Clothing - primarily practical? (For instance, a wool scarf, not as pretty as a silk scarf, but serving a purpose.) The idea: to create, curate, and educate. A show or series of talks on fashion. A bit of history - 16th century European laws and women’s traditions. What are the women of BC creating in the 21st century? What are they designing, photographing, sewing, weaving, knitting?
In Defense of Jekyll, Hyde, and The Underground Man (Random Notes)
“I feel very strongly about putting questions; it partakes too much of the style of the day of judgment. You start a question, and it’s like starting a stone…away the stone goes, starting others; and presently some bland old bird (the last you would have thought of) is knocked on the head in his own back garden…” (Mr. Enfield in Dr. Jekyll and Mr. Hyde, 42-43)
Turning and turning in the widening gyre
The falcon cannot hear the falconer;
Things fall apart; the centre cannot hold;
Mere anarchy is loosed upon the world,
The blood-dimmed tide is loosed, and everywhere
The ceremony of innocence is drowned;
The best lack all conviction, while the worst
Are full of passionate intensity.
William Butler Yeats, ‘The Second Coming’; 1920
“The only gain of civilisation for mankind is the greater capacity for finding enjoyment in bloodshed.” (The Underground Man; 67)
Henry Jekyll would agree. “My reason wavered, but it did not fail me utterly. I have more than once observed that, in my second character [of Edward Hyde], my faculties seemed sharpened to a point and my spirits more tensely elastic;…where Jekyll perhaps might have succumbed, Hyde rose to the importance of the moment.” (119)
Henry again: “I learned to recognise the thorough and primitive duality of man.” (104) Dostoevsky’s Underground Man: “…the opposite elements [were] craving some outlet in me…how they sickened me!” (Part I, 51) Henry Jekyll thought the double nature was within the individual. He failed to see that the duality of reality is the transient and the eternal - transient in all creatures, eternal at the summit of existence. (The Bhagavad Gita; XV, 16) A passionate determination to experience lucidity resulting in dark inertia.
The True Spirit (Krishna, from The Bhagavad Gita): “Without pride or delusion, the fault of attachment overcome, intent on the self within, their desires extinguished, freed from the dualities, from joy and suffering, undeluded men reach that realm beyond change.” (XV, 5) Perhaps there is not duality within, innate, other than what we create ourselves.
The Underground Man developed an “…inertia that was a direct result of the laws of [an] over-acute consciousness.” (53-54) What does your awareness of suffering lead to? “Suffering is the sole origin of consciousness.” (76) The Underground Man again: “To begin to act you must first have your mind completely at ease and no trace of doubt left in it.” (62)
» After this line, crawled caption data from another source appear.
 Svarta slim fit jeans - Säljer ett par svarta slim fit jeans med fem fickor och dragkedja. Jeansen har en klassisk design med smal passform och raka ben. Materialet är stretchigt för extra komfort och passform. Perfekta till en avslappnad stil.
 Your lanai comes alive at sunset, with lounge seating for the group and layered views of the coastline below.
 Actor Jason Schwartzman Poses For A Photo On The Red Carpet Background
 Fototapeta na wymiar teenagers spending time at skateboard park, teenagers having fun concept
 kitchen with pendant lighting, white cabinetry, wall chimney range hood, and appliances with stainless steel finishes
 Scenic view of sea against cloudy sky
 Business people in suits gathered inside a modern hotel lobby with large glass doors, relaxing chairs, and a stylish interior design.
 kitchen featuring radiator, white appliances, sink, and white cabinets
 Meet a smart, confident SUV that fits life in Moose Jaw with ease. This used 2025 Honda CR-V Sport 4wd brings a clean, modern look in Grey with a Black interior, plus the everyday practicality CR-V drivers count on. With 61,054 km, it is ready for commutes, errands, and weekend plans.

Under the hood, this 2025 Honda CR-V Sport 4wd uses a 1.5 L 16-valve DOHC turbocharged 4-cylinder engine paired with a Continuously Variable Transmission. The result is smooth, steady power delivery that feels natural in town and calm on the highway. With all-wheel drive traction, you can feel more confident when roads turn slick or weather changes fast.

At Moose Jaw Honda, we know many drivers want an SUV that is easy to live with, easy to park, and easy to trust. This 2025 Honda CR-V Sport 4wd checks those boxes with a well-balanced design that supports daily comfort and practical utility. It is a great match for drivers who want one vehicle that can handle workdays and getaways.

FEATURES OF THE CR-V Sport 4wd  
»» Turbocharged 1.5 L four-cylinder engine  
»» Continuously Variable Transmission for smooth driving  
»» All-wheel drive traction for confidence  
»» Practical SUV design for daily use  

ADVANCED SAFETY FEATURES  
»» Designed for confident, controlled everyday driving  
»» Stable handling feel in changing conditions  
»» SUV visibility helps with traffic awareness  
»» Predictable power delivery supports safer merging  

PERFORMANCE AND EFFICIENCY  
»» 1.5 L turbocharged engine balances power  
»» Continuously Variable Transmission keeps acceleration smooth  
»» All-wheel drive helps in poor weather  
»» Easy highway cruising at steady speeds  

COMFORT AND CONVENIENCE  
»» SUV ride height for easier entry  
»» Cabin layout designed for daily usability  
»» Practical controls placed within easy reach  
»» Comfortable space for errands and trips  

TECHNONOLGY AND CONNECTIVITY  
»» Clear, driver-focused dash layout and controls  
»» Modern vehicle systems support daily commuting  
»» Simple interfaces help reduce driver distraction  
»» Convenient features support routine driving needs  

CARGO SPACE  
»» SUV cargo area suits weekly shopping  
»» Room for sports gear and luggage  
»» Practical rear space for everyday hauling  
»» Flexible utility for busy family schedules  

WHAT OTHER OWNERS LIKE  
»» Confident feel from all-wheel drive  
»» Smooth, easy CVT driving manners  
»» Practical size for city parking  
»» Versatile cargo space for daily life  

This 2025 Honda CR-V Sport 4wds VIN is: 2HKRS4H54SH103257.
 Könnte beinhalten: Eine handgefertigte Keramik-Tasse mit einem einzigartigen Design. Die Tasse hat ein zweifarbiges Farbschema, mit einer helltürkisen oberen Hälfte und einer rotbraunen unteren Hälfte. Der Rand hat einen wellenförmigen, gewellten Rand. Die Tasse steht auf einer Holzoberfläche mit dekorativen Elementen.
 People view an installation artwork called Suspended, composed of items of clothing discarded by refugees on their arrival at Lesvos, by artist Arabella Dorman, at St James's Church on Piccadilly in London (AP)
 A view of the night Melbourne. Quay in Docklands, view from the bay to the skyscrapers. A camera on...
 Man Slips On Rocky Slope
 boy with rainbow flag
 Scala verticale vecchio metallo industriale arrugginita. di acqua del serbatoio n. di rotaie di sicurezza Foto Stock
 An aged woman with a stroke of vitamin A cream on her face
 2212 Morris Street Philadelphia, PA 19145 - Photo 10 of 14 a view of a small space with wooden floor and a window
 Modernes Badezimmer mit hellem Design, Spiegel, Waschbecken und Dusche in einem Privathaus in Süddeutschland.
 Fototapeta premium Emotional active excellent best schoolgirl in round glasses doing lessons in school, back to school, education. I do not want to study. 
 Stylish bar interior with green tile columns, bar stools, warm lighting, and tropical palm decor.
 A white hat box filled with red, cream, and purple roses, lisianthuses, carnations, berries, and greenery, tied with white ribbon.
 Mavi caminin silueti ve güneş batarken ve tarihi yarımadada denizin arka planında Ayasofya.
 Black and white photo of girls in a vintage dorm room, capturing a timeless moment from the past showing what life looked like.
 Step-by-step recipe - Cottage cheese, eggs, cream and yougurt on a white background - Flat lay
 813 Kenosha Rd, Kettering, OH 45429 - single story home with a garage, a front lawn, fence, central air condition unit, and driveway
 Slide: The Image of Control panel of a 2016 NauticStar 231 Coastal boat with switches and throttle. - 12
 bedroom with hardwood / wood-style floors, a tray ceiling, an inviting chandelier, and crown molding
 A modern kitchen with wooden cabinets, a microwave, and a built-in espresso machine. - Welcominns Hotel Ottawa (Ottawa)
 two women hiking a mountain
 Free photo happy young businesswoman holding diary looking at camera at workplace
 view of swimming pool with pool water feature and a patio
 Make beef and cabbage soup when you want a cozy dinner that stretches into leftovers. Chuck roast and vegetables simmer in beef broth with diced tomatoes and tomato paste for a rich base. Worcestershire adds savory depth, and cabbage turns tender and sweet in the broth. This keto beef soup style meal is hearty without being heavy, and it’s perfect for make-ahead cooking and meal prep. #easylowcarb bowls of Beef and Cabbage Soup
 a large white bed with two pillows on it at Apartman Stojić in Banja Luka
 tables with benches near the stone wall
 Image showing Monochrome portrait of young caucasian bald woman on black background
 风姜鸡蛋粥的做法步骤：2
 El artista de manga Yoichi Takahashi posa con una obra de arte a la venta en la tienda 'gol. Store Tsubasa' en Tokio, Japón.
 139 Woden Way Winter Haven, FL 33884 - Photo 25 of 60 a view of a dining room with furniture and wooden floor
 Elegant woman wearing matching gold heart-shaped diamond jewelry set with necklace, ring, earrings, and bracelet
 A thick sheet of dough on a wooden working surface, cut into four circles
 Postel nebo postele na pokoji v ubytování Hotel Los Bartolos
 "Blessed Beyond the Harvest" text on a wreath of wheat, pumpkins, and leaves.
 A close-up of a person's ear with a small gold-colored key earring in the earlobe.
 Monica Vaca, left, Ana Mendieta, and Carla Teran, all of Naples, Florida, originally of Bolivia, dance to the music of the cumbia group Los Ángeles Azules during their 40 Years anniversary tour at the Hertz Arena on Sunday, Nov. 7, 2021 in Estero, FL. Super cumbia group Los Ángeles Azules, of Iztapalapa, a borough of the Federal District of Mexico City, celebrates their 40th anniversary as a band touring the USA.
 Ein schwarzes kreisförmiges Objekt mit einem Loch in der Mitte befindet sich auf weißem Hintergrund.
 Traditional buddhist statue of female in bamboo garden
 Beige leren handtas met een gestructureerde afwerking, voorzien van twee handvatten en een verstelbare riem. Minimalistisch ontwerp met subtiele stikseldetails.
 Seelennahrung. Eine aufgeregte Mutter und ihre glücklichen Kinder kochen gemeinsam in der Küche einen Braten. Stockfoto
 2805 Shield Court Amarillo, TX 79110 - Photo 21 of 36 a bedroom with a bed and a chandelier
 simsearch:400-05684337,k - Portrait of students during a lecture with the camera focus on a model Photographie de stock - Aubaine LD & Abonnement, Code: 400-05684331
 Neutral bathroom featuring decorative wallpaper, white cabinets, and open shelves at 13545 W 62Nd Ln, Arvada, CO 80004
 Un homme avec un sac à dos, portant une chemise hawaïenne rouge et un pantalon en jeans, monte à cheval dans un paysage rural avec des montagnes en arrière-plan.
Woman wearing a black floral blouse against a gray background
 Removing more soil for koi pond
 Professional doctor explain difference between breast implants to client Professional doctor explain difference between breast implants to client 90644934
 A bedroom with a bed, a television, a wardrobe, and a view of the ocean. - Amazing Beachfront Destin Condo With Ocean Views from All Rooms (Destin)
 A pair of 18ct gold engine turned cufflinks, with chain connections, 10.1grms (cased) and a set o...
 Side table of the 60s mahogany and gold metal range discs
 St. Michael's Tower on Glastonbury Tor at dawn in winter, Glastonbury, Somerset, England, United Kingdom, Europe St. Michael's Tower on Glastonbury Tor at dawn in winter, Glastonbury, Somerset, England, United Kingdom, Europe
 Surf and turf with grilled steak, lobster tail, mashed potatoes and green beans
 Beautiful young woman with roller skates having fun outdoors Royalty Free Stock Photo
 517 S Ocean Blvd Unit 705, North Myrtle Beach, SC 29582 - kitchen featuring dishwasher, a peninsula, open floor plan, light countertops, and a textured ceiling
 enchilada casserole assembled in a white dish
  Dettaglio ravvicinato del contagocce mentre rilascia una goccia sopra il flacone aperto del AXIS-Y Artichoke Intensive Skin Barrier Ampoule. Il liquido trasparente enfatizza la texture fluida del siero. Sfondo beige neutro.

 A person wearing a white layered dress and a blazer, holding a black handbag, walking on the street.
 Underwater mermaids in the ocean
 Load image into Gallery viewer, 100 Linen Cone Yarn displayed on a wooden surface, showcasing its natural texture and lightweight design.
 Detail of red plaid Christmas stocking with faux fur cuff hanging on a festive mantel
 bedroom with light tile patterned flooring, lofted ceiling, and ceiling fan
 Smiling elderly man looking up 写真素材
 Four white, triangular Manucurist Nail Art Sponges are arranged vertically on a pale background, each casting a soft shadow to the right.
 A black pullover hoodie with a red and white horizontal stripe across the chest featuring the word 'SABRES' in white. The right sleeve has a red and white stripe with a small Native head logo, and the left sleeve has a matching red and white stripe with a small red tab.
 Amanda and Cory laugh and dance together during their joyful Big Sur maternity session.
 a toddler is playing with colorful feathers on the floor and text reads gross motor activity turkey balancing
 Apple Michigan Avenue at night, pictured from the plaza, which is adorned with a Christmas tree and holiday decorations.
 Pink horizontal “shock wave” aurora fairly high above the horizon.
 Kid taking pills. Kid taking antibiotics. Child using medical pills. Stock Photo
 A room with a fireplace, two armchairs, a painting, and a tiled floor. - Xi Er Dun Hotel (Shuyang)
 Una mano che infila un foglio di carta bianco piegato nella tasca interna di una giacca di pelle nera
Bartolome de Las Casas would probably argue for an individual’s freedom to choose, even if the result was suffering (of self). He argues that unbelievers are not actually subject to the Church and quotes St. Thomas: “This potency [of the church] is based on…the freedom of the will.” (60)
Las Casas’ ruler is a benevolent ruler: “…no pagan can be punished by the Church - for a superstition, no matter how abominable, or a crime, no matter how serious, as long as he commits it precisely within the borders…of his own belief.” (97)
Plato, Meet Damasio
Plato’s Timaeus: “We must in my opinion begin by distinguishing between that which always is and never becomes from that which is always becoming but never is. The one is apprehensible by intelligence with the aid of reasoning, being eternally the same,…” (40)
William Paley (Natural Theology): “This is the scale by which we ascend to all the knowledge of our Creator which we possess, so far as it depends upon the phaenomena, or the works of nature.” (27)
Timaeus: “…[T]he other is the object of opinion and irrational sensation, coming to be and ceasing to be, but never fully real.” (40)
William James (The Will to Believe): “…our indomitable desire to cast the world into a more rational shape in our minds than the shape into which it is thrown there by the crude order of experience.” (147)
Antonio Damasio (Descartes’ Error): “The soul breathes through the body, and suffering, whether it starts in the skin or in a mental image, happens in the flesh (xxi). If there had been no body, there would have been no brain. From an evolutionary perspective, it is not the other way around.” (90)
Timaeus: “Intelligence is impossible without soul, [and so] in fashioning the universe he [God] implanted reason in soul and soul in body, and so ensured that his work should be by nature highest and best.” (42)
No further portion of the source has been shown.